But the kid didn't break into tears. Stigler says the child continued to draw his cube with equanimity. "And at the end of the class, he did make his cube look right! And the teacher said to the class, 'How does that look, class?' And they all looked up and said, 'He did it!' And they broke into applause." The kid smiled a huge smile and sat down, clearly proud of himself.
Stigler is now a professor of psychology at UCLA who studies teaching and learning around the world, and he says it was this small experience that first got him thinking about how differently East and West approach the experience of intellectual struggle.
"I think that from very early ages we [in America] see struggle as an indicator that you're just not very smart," Stigler says. "It's a sign of low ability — people who are smart don't struggle, they just naturally get it, that's our folk theory. Whereas in Asian cultures they tend to see struggle more as an opportunity."
In Eastern cultures, Stigler says, it's just assumed that struggle is a predictable part of the learning process. Everyone is expected to struggle in the process of learning, and so struggling becomes a chance to show that you, the student, have what it takes emotionally to resolve the problem by persisting through that struggle.
"They've taught them that suffering can be a good thing," Stigler says. "I mean it sounds bad, but I think that's what they've taught them."
Granting that there is a lot of cultural diversity within East and West and it's possible to point to counterexamples in each, Stigler still sums up the difference this way: For the most part in American culture, intellectual struggle in schoolchildren is seen as an indicator of weakness, while in Eastern cultures it is not only tolerated but is often used to measure emotional strength.
It's a small difference in approach that Stigler believes has some very big implications.
'Struggle'
Stigler is not the first psychologist to notice the difference in how East and West approach the experience of intellectual struggle.
Jin Li is a professor at Brown University who, like Stigler, compares the learning beliefs of Asian and U.S. children. She says that to understand why these two cultures view struggle so differently, it's good to step back and examine how they think about where academic excellence comes from.
For the past decade or so, Li has been recording conversations between American mothers and their children, and Taiwanese mothers and their children. Li then analyzes those conversations to see how the mothers talk to the children about school.
She shared with me one conversation that she had recorded between an American mother and her 8-year-old son.
The mother and the son are discussing books.
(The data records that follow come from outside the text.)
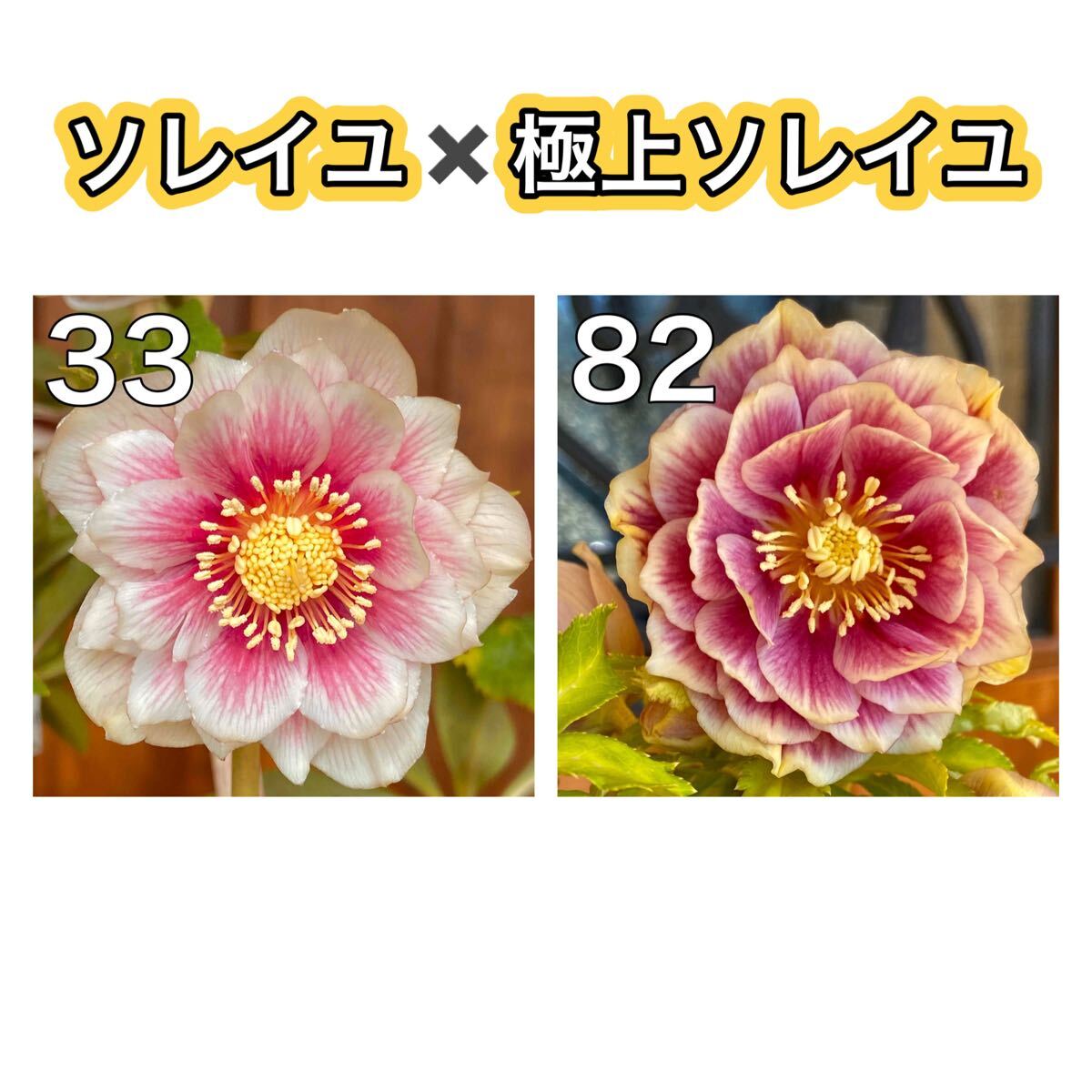 Yahoo!オークション -「クリスマスローズ ソレイユ」(ガーデニング) の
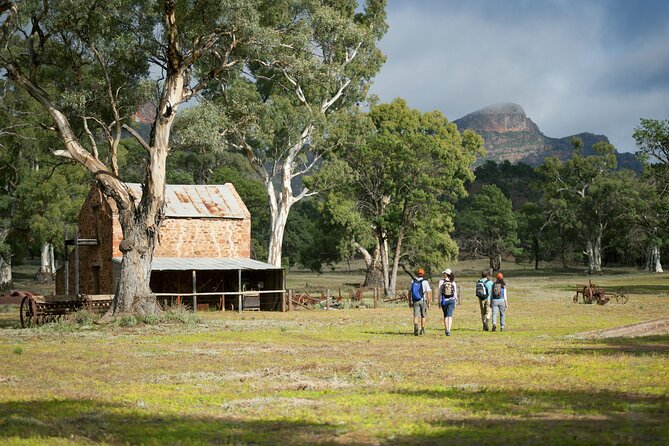 Ikara-Flinders Ranges Hiking Tour - 5 Days - Itinerary Overview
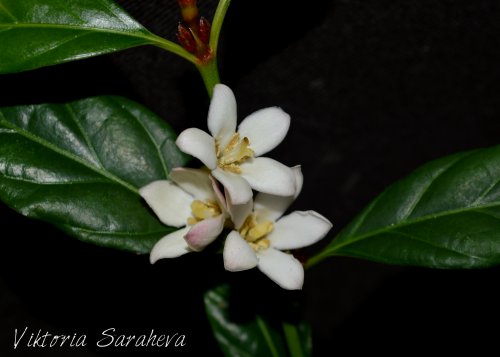 DSC_0214_500x357.jpg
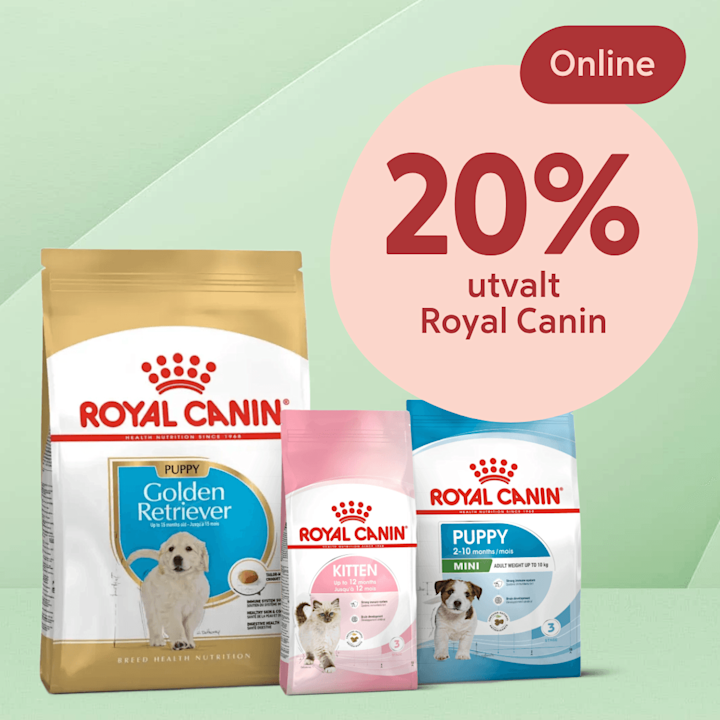 Tre påsar Royal Canin djurfoder (Golden Retriever puppy, Kitten, Mini Puppy) framför grön bakgrund med rosa cirkeltext "20% utvalt Royal Canin".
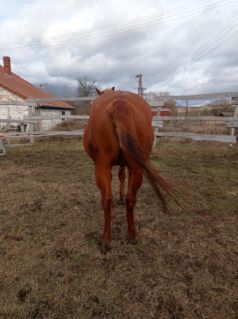 Elad� 14 �ves quarter horse kanca 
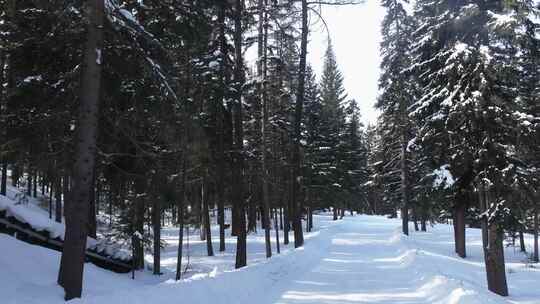 航拍新疆冬季喀纳斯神仙湾晨雾雪山森林雪景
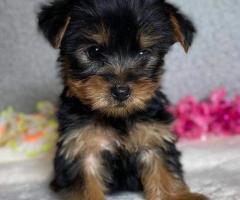 Impresionantes cachorros de Yorkshire Terrier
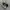 Converse CT 70 Love High photo 1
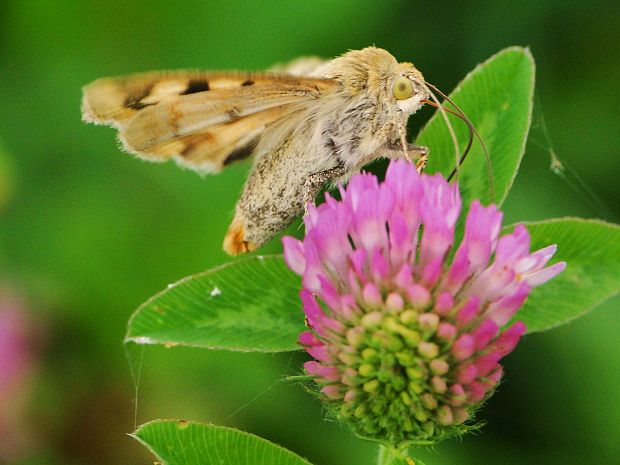 sivkavec štetkový Heliothis viriplaca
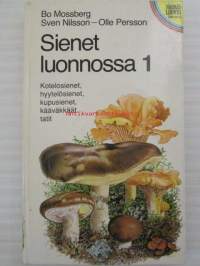 Sienet  luonnossa  1 - Kotelosienet, hyytelösienet, kupusienet, kääväkäät ja  tatit (Sienikirja)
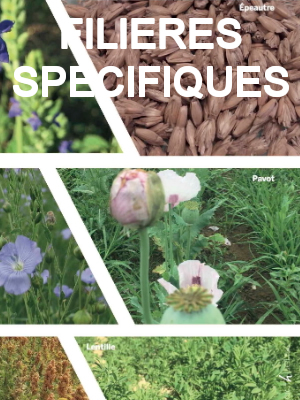 filieres specifiques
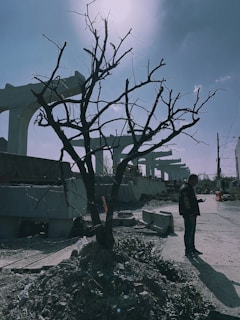 A leafless tree stands in the foreground with a construction site in the background. Large concrete structures are visible under a clear sky, and a person stands nearby on a dirt path looking at their phone.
The son, though young, is a great student who loves to learn. He tells his mother that he and his friends talk about books even during recess, and she responds with this:
Mother: Do you know that's what smart people do, smart grown-ups?
Child: I know ... talk about books.
Mother: Yeah. So that's a pretty smart thing to do to talk about a book.
Child: Hmmm mmmm.
It's a small exchange — a moment. But Li says, this drop of conversation contains a world of cultural assumptions and beliefs.
Essentially, the American mother is communicating to her son that the cause of his success in school is his intelligence. He's smart — which, Li says, is a common American view.
"The idea of intelligence is believed in the West as a cause," Li explains. "She is telling him that there is something in him, in his mind, that enables him to do what he does."
But in many Asian cultures, Li says, academic excellence isn't linked with intelligence in the same way. "It resides in what they do, but not who they are, what they're born with," she says.
She shares another conversation, this time between a Taiwanese mother and her 9-year-old son. They are talking about the piano — the boy won first place in a competition, and the mother is explaining to him why.
"You practiced and practiced with lots of energy," she tells him. "It got really hard, but you made a great effort. You insisted on practicing yourself."
"So the focus is on the process of persisting through it despite the challenges, not giving up, and that's what leads to success," Li says.
All of this matters because the way you conceptualize the act of struggling with something profoundly affects your actual behavior.
Obviously if struggle indicates weakness — a lack of intelligence — it makes you feel bad, and so you're less likely to put up with it. But if struggle indicates strength — an ability to face down the challenges that inevitably occur when you are trying to learn something — you're more willing to accept it.
And Stigler feels in the real world it is easy to see the consequences of these different interpretations of struggle.
"We did a study many years ago with first-grade students," he tells me. "We decided to go out and give the students an impossible math problem to work on, and then we would measure how long they worked on it before they gave up."
The American students "worked on it less than 30 seconds on average and then they basically looked at us and said, 'We haven't had this,' " he says.
But the Japanese students worked for the entire hour on the impossible problem. "And finally we had to stop the session because the hour was up. And then we had to debrief them and say, 'Oh, that was not a possible problem; that was an impossible problem!' and they looked at us like, 'What kind of animals are we?' " Stigler recalls.
"Think about that [kind of behavior] spread over a lifetime," he says. "That's a big difference."
Not East Versus West
This is not to imply that the Eastern way of interpreting struggle — or anything else — is better than the Western way, or vice versa. Each has its strengths and weaknesses, which both sides know. Westerns tend to worry that their kids won't be able to compete against Asian kids who excel in many areas but especially in math and science. Li says that educators from Asian countries have their own set of worries.
" 'Our children are not creative. Our children do not have individuality. They're just robots.' You hear the educators from Asian countries express that concern, a lot," she notes.
So, is it possible for one culture to adopt the beliefs of another culture if they see that culture producing better results?
Both Stigler and Li think that changing culture is hard, but that it's possible to think differently in ways that can help. "Could we change our views of learning and place more emphasis on struggle?" Stigler asks. "Yeah."
For example, Stigler says, in the Japanese classrooms that he's studied, teachers consciously design tasks that are slightly beyond the capabilities of the students they teach, so the students can actually experience struggling with something just outside their reach. Then, once the task is mastered, the teachers actively point out that the student was able to accomplish it through hard work and struggle.
"And I just think that especially in schools, we don't create enough of those experiences, and then we don't point them out clearly enough."
But we can, Stigler says.
In the meantime, he and the other psychologists doing this work say there are more differences to map — differences that allow both cultures to more clearly see who they are.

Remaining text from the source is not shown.